L’elettorato dei Cinque Stelle è assolutamente insensibile a qualsiasi critica anche molto motivata che si possa muovere a M5S e dunque dubitiamo che in termini di consenso elettorale la rivelazione della demagogia mediatica di Conte possa fargli perdere quello zoccolo duro di consensi che a stare ai sondaggi continua a mantenere. Piuttosto gli impedirà di allargarsi come aveva fatto con notevole successo in precedenti elezioni, ma questo è un trend che è abbastanza pacifico. Soprattutto ne diminuirà ulteriormente la credibilità presso una parte del ceto dirigente che aveva guardato a lui con qualche speranza.
Piuttosto sarà interessante vedere come funzionano le alleanze a livello di elezioni amministrative, sia perché lì si vota con un meccanismo maggioritario e dunque le coalizioni contano, sia perché sarebbe interessante capire da che genere di personale politico sono composte le varie liste.
Anche a prescindere dal fenomeno del proliferare delle liste della più varia natura, qualche volta realmente “civiche”, molto più spesso iniziative di personaggi che sgomitano nella speranza di un ruolo pubblico, la stessa composizione di quelle che fanno capo ai partiti diciamo così consolidati presentano caratteristiche che sarebbe interessante studiare. Più che rispondere a scelte sia pure vagamente ideologiche, molte volte sembra di intuire una corsa a piazzarsi in una “compagnia” che si reputa confacente ad un trend giudicato di successo presso una quota di opinione pubblica e in grado di dare spazio all’emergere delle proprie ambizioni inserendosi nelle lotte di fazione che ormai coinvolgono tutte le forze politiche.

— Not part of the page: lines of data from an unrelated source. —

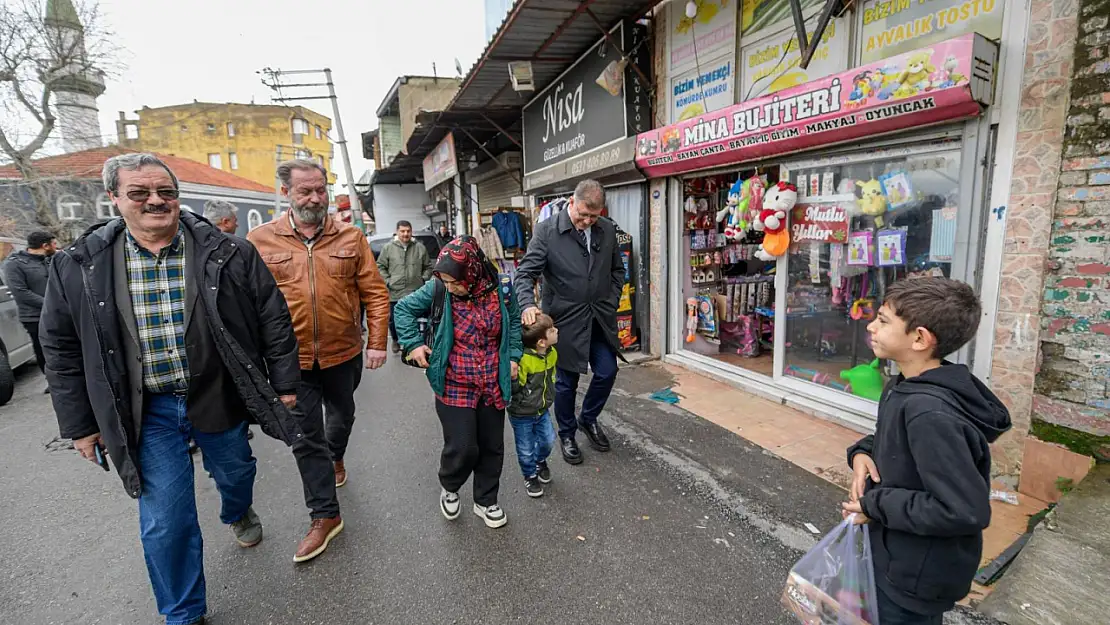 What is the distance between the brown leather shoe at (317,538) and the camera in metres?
2.79

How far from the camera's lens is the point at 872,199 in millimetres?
3967

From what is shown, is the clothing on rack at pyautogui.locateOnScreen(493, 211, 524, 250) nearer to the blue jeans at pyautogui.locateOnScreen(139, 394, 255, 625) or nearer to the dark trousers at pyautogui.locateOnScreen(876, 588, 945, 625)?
the blue jeans at pyautogui.locateOnScreen(139, 394, 255, 625)

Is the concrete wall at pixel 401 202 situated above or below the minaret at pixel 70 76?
below

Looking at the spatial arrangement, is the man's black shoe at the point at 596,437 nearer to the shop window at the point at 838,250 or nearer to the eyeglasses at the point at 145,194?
the shop window at the point at 838,250

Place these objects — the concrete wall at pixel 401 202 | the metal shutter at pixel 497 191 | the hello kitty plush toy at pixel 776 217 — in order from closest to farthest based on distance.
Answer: the hello kitty plush toy at pixel 776 217
the metal shutter at pixel 497 191
the concrete wall at pixel 401 202

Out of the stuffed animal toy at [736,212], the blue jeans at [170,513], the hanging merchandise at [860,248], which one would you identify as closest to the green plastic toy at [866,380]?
the hanging merchandise at [860,248]

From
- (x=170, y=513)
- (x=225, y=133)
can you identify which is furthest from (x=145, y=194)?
(x=225, y=133)

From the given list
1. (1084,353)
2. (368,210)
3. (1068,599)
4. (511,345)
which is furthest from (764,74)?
(368,210)

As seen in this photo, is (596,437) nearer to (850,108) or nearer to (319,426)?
(319,426)

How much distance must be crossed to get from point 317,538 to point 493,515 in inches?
37.0

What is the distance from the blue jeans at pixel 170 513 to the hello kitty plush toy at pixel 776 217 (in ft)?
14.4

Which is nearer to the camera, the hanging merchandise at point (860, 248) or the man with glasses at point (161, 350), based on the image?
the man with glasses at point (161, 350)

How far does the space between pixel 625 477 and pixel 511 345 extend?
133 cm

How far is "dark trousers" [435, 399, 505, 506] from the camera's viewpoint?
113 inches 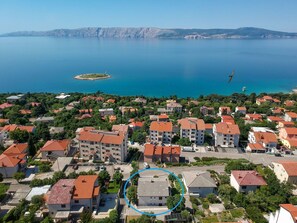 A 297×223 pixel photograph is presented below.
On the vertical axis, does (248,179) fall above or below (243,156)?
above

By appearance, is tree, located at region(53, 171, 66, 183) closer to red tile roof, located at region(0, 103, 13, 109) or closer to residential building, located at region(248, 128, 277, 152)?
residential building, located at region(248, 128, 277, 152)

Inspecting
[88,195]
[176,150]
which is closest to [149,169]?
[176,150]

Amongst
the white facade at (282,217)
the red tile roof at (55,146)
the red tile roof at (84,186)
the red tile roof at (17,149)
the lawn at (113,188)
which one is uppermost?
the white facade at (282,217)

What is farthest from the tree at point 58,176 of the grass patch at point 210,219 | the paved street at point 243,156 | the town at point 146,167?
the paved street at point 243,156

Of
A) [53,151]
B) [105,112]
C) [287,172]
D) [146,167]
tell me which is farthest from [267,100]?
[53,151]

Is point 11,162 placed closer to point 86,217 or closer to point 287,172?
point 86,217

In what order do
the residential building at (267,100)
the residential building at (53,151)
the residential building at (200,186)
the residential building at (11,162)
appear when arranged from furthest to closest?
the residential building at (267,100), the residential building at (53,151), the residential building at (11,162), the residential building at (200,186)

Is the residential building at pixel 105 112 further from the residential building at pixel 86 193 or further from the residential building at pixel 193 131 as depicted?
the residential building at pixel 86 193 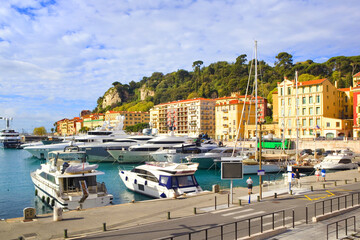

Sono sensazioni da osservatore della vita politica, perché, almeno a conoscenza di chi scrive, non ci sono rilevazioni attendibili sul fenomeno, che, ce ne rendiamo conto, è così variegato e sottoposto a peculiarità locali da renderne quasi impossibile uno studio scientifico.
Per quel che si può percepire finora, a livello nazionale non c’è volontà di frenare la continua esasperazione degli scontri politici. Non lo si desume tanto dalle intemperanze verbali di cui sono ricche le cronache (fanno parte del folklore politico-elettorale e ci sono sempre state), ma dalla caparbia con cui si rifiutano in parlamento i confronti costruttivi. È del tutto evidente sul terreno delle riforme istituzionali, premierato e autonomia regionale differenziata (la riforma della giustizia ancora non è affrontata), dove si predilige il muro contro muro, nell’autentico terrore dei leader di partito che un atteggiamento che ricercasse un incontro e un compromesso comporti la perdita del sostegno dei rispettivi pasdaran, che continuano ad essere, purtroppo per noi, un fattore assolutamente condizionante della nostra vita pubblica.